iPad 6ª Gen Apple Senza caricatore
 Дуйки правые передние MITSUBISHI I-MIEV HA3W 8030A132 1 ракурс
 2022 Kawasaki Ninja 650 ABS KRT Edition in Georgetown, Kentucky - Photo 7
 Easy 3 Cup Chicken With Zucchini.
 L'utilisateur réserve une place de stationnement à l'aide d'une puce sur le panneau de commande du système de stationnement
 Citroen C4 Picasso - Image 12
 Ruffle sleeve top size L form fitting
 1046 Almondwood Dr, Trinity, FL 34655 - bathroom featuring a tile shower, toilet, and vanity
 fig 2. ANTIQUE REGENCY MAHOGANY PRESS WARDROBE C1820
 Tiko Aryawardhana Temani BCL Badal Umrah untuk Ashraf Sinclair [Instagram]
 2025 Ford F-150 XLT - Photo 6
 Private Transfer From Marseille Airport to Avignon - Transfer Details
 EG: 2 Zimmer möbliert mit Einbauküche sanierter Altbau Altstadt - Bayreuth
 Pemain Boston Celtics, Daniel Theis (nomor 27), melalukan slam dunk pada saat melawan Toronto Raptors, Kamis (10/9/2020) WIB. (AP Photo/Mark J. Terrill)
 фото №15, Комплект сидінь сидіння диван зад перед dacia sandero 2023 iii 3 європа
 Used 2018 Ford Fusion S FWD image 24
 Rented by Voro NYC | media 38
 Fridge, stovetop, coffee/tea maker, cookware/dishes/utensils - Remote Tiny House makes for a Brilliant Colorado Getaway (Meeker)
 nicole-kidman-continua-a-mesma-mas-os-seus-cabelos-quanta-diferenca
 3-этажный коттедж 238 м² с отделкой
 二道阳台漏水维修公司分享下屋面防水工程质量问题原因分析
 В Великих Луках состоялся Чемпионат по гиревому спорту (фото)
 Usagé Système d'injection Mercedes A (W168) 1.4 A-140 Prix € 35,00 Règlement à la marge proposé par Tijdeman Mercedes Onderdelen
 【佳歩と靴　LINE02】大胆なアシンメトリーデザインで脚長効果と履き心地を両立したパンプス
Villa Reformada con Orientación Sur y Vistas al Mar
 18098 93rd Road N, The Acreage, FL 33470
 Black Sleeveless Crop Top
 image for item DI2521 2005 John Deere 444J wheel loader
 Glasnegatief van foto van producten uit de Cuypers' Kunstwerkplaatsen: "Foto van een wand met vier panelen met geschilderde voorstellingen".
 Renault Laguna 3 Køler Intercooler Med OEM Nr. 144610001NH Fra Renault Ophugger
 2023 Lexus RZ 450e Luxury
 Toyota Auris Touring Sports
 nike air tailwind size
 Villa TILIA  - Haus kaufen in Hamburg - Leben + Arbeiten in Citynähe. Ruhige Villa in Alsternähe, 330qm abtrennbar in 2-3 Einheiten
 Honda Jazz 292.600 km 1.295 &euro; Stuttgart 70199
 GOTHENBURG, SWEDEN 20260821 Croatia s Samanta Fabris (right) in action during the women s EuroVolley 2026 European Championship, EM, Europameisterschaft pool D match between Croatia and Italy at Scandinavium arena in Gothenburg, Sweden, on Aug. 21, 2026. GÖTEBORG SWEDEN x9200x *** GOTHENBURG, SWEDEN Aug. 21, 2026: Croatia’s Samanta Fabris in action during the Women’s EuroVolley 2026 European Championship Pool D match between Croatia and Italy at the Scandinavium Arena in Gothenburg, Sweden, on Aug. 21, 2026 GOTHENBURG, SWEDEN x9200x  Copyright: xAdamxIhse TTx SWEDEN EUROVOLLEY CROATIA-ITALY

PROBLEM DETAILS:
Each line of the data is to be transcribed exactly, with nothing left out.

RESULT FOR THIS TASK:
iPad 6ª Gen Apple Senza caricatore
 Дуйки правые передние MITSUBISHI I-MIEV HA3W 8030A132 1 ракурс
 2022 Kawasaki Ninja 650 ABS KRT Edition in Georgetown, Kentucky - Photo 7
 Easy 3 Cup Chicken With Zucchini.
 L'utilisateur réserve une place de stationnement à l'aide d'une puce sur le panneau de commande du système de stationnement
 Citroen C4 Picasso - Image 12
 Ruffle sleeve top size L form fitting
 1046 Almondwood Dr, Trinity, FL 34655 - bathroom featuring a tile shower, toilet, and vanity
 fig 2. ANTIQUE REGENCY MAHOGANY PRESS WARDROBE C1820
 Tiko Aryawardhana Temani BCL Badal Umrah untuk Ashraf Sinclair [Instagram]
 2025 Ford F-150 XLT - Photo 6
 Private Transfer From Marseille Airport to Avignon - Transfer Details
 EG: 2 Zimmer möbliert mit Einbauküche sanierter Altbau Altstadt - Bayreuth
 Pemain Boston Celtics, Daniel Theis (nomor 27), melalukan slam dunk pada saat melawan Toronto Raptors, Kamis (10/9/2020) WIB. (AP Photo/Mark J. Terrill)
 фото №15, Комплект сидінь сидіння диван зад перед dacia sandero 2023 iii 3 європа
 Used 2018 Ford Fusion S FWD image 24
 Rented by Voro NYC | media 38
 Fridge, stovetop, coffee/tea maker, cookware/dishes/utensils - Remote Tiny House makes for a Brilliant Colorado Getaway (Meeker)
 nicole-kidman-continua-a-mesma-mas-os-seus-cabelos-quanta-diferenca
 3-этажный коттедж 238 м² с отделкой
 二道阳台漏水维修公司分享下屋面防水工程质量问题原因分析
 В Великих Луках состоялся Чемпионат по гиревому спорту (фото)
 Usagé Système d'injection Mercedes A (W168) 1.4 A-140 Prix € 35,00 Règlement à la marge proposé par Tijdeman Mercedes Onderdelen
 【佳歩と靴　LINE02】大胆なアシンメトリーデザインで脚長効果と履き心地を両立したパンプス
Villa Reformada con Orientación Sur y Vistas al Mar
 18098 93rd Road N, The Acreage, FL 33470
 Black Sleeveless Crop Top
 image for item DI2521 2005 John Deere 444J wheel loader
 Glasnegatief van foto van producten uit de Cuypers' Kunstwerkplaatsen: "Foto van een wand met vier panelen met geschilderde voorstellingen".
 Renault Laguna 3 Køler Intercooler Med OEM Nr. 144610001NH Fra Renault Ophugger
 2023 Lexus RZ 450e Luxury
 Toyota Auris Touring Sports
 nike air tailwind size
 Villa TILIA  - Haus kaufen in Hamburg - Leben + Arbeiten in Citynähe. Ruhige Villa in Alsternähe, 330qm abtrennbar in 2-3 Einheiten
 Honda Jazz 292.600 km 1.295 &euro; Stuttgart 70199
 GOTHENBURG, SWEDEN 20260821 Croatia s Samanta Fabris (right) in action during the women s EuroVolley 2026 European Championship, EM, Europameisterschaft pool D match between Croatia and Italy at Scandinavium arena in Gothenburg, Sweden, on Aug. 21, 2026. GÖTEBORG SWEDEN x9200x *** GOTHENBURG, SWEDEN Aug. 21, 2026: Croatia’s Samanta Fabris in action during the Women’s EuroVolley 2026 European Championship Pool D match between Croatia and Italy at the Scandinavium Arena in Gothenburg, Sweden, on Aug. 21, 2026 GOTHENBURG, SWEDEN x9200x  Copyright: xAdamxIhse TTx SWEDEN EUROVOLLEY CROATIA-ITALY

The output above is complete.